Detours in Art

WRITTEN BY FAITH FARRELL

After declaring majors no fewer than four times in college (an educational road trip that had pit stops in psychology, communications, theatre and a brief gas station nibble in Swedish), I finally made the sweeping proclamation that I had arrived at my destination: Art.

My poor parents took this blow with grace and undying support. Obviously, they were concerned how I would carve my way in a world where “starving artist” was a literal cliché.

Art degree in hand, after graduation I took a brief job as a camp counselor, a token hiatus hurrah before I officially found a “real” job. Living in group quarters, the camp required everyone to Sharpie our names on our clothing to ensure its return after bulk laundry day. This tiny detail may have been responsible for a crucial detour in the direction of my journey.

After camp, I came home to pave my professional path. I typed letters and resumes, decorating cover letters with glitter. Let it be known: This is how not to get a job.

Luck is in who you know. Fate gave me a friend who worked at a fancy art museum.
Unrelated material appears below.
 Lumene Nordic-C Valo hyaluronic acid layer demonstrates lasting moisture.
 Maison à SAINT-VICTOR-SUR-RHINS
This friend somehow convinced someone important to interview me for a job.

Still living at home, I crammed an overnight bag with a dozen interview outfit options, barely zipping it shut, and drove to spend the night at my friend’s place near the museum.

Arriving early for my interview, I sat under a low hanging tree in the courtyard, hopefully hiding my nerves under the large branches that grazed my head and overnight bag. I unzipped my overfilled bag to grab an extra résumé, but suddenly it was go-time. Hastily cramming everything back in the bag while checking my hair for leaves, I marched into my future.

During the interview, I realized that working at a museum and being an artist were two separate worlds. Nonetheless, I wanted this job. The interview went well; I was eager and bright eyed, convinced this was my path to being an artist.

The days trodded on until the fateful phone call: “Thank you for interviewing, but we selected someone else. Also, you left something here.”

To be frank, I couldn’t think of what it might be. I had my wallet, keys and overnight bag (which I never opened during the interview), so I asked what it was.

“Well,” she said, followed by the longest silence in the world, “it’s your bra. Someone found it hanging on a tree outside. Your name is written on it.”

Panic swallowed me into an abyss of horror as I recalled my camp requirement of labeling our clothes. Somehow, those branches snagged the spare bra from my opened bag, playing a cruel, cosmic joke on my career.

No wonder I didn’t get the job.

Time is a wise healer; it prescribes us hindsight. Not getting that job has led me to this moment, and I’m grateful for what I’ve achieved – and relieved for what I haven’t.

Branches may snag both blueprints and bras beneath us, rerouting us to paths we hadn’t considered. Leaning into the detour, new landscapes can now unfurl.

Thus, there was no need to reclaim that bra. Perhaps it still sits in the museum’s lost and found, the faded Sharpie of my name as proof that I do have a signed work in a museum.